User records are stored in the security accounts manager (SAM) database. Each
user has two passwords with which it is associated: the LAN Manager compatible
password and the Windows NT password. Each password is stored doubly encrypted
in the SAM database. The first encryption is a one-way function (OWF) version of
the clear text generally considered to be non-decryptable. The second encryption
is an encryption of the user's relative ID (RID). The second encryption is
decryptable by anyone who has access to the double-encrypted password, the
user's RID, and the algorithm. The second encryption is used for obfuscation
purposes.

The LAN Manager compatible password is 100 percent compatible with the password
used by LAN Manager. It is based on the original equipment manufacturer (OEM)
character set, not case sensitive (enforced by upper casing before encryption),
and up to 14 characters long. The OWF version (called the LAN Manager OWF or
ESTD version) of the password is computed by encrypting a constant with the
clear text password using DES encryption. The LAN Manager OWF password is 16
bytes long. The first 7 bytes of the clear text password are used to compute the
first 8 bytes of the LAN Manager OWF password. The second 7 bytes of the clear
text password are used to computer the second 8 bytes of the LAN Manager OWF
password.

The Windows NT password is based on the Unicode character set, is case sensitive,
and can be up to 128 characters long. The OWF version (called the Windows NT OWF
password) is computed using the RSA MD-4 encryption algorithm, which computes a
16-byte "digest" of a variable length string of clear text password bytes.

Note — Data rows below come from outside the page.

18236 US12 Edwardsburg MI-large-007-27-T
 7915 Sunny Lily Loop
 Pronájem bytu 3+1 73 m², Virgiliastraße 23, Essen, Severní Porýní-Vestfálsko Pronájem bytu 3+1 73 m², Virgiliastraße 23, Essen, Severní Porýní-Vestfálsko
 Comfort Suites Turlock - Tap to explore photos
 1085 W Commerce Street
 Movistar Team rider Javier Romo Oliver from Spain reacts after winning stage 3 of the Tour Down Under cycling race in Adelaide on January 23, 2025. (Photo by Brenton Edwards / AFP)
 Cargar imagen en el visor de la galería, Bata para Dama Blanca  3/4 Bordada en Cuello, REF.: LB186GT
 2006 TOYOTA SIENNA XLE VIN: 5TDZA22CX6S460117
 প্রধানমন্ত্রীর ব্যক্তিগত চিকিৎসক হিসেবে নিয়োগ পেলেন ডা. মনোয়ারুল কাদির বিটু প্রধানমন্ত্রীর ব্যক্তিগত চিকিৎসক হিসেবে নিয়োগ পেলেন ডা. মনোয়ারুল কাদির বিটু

Any particular user account might be missing either the LAN Manager or Windows NT
password, however, every attempt is made to maintain both versions of the
password. For instance, only the LAN Manager version of the password exists if
the user account was ported from a LAN Manager UAS database using PortUas or if
the password was changed from a LAN Manager or Windows for Workgroups client.
Only the Windows NT version of the password exists if the password is set or
changed from a Windows NT client and the password has no LAN Manager
representation (that is, it is longer than 14 characters or the characters
cannot be represented in the OEM character set). All the existing user interface
limits do not allow Windows NT passwords to exceed 14 characters. The
implications of this are discussed below.

NOTE: Altering of the SAM database by any means, manually or programmatically, is
unsupported by Microsoft.

User Authentication by the MSV1_0 Authentication Package
--------------------------------------------------------

All user authentication in Windows NT occurs using the LsaLogonUser API.
LsaLogonUser actually authenticates users by calling an authentication package.
The default authentication package that comes with Windows NT is the MSV1_0
Authentication Package. The MSV Authentication Package uses the SAM database as
its database of users, and it supports pass-through authentication of users in
other domains by using the Netlogon service.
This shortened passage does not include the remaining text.